For all the eye-popping digital fireworks on display throughout Peter Jackson’s The Lovely Bones, it’s the film’s fifteen-year-old star, Irish native Saoirse Ronan, who lends the Alice Sebold adaptation its real emotional heft. In the role of Susie Salmon, a teenage murder victim who navigates the afterlife while keeping watch over the family she left behind, the remarkably expressive Ronan is the film’s anchor, without which Jackson’s lavish visual feast would amount to little more than empty calories.

In an exclusive interview, Ronan spoke with us about her strong attachment to Susie, her experience on the sometimes turbulent Lovely Bones set, and the kinship she feels with a certain teenage star of another high-profile literary adaptation.

When tasked with a particularly traumatic or emotional scene, some actors will draw upon a similarly painful experience from their own lives to help them get into character.
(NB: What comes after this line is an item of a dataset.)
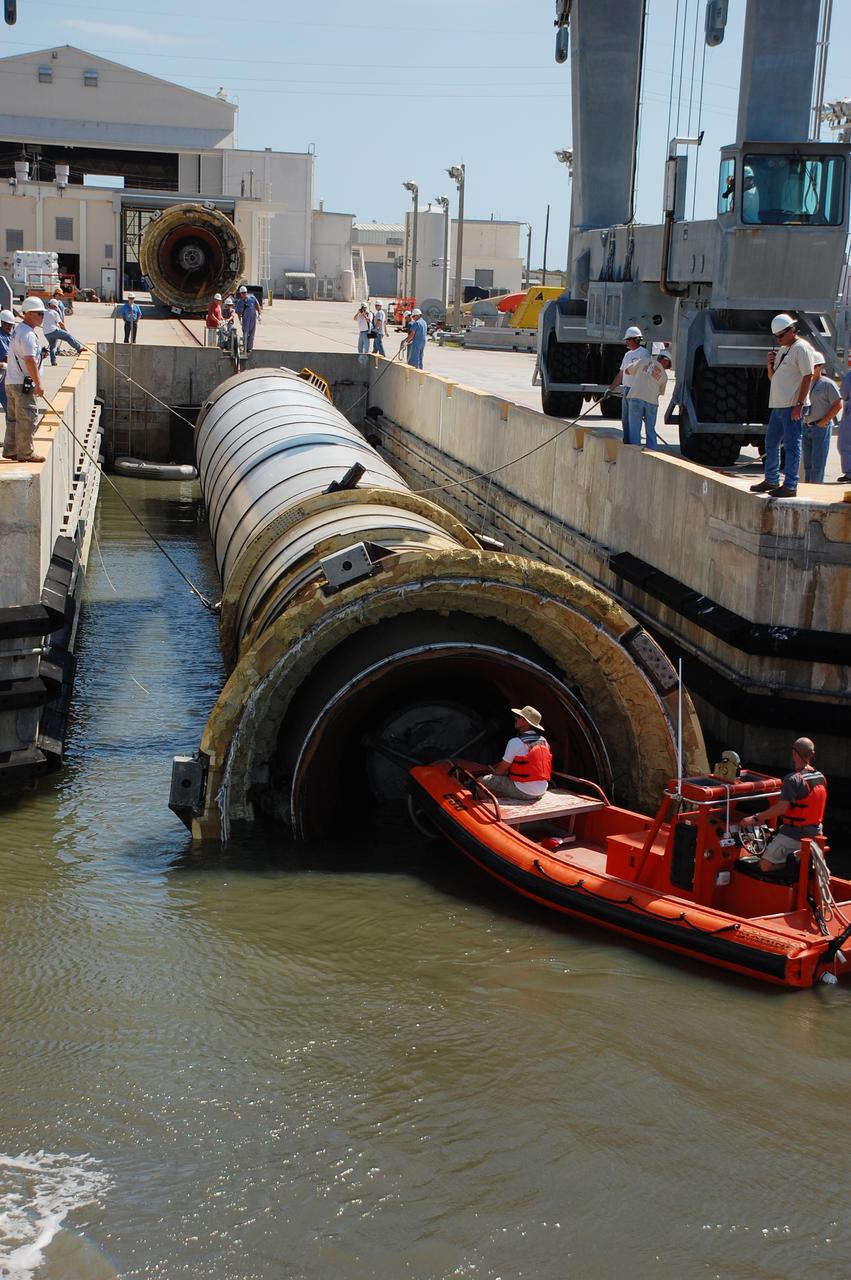 CAPE CANAVERAL, Fla. -- Crew members in a skiff from Liberty Star, one of NASA's solid rocket booster retrieval ships, usher a spent shuttle booster to Hangar AF at Cape Canaveral Air Force Station in Florida. The booster was used during space shuttle Discovery's STS-133 launch from NASA Kennedy Space Center's Launch Pad 39A on Feb. 24. The shuttle’s two solid rocket booster casings and associated flight hardware are recovered in the Atlantic Ocean after every launch by Freedom Star and Liberty Star. The boosters impact the Atlantic about seven minutes after liftoff and the retrieval ships are stationed about 10 miles from the impact area at the time of splashdown.  After the spent segments are processed, they will be transported to Utah, where they will be refurbished and stored, if needed. Photo credit: NASA/Ben Smegelsky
Obviously, you didn’t have that luxury with Susie. How were you able to relate to her?

Saoirse Ronan: Yeah, you’re right. Thank God nothing like that has happened to me yet, so I couldn’t draw on any experience of my own. But one of the most important things — probably the most important thing — about portraying a character is understanding. After a while, I think Susie started to become a part of me, and it was very easy and very natural for me to understand what way she would react to something or deal with something. I never really thought of her as being a dead girl. She was someone whose body had died but not her soul. It was sort of like everything had been taken away from her, and I supposed I was just able to put myself in that position.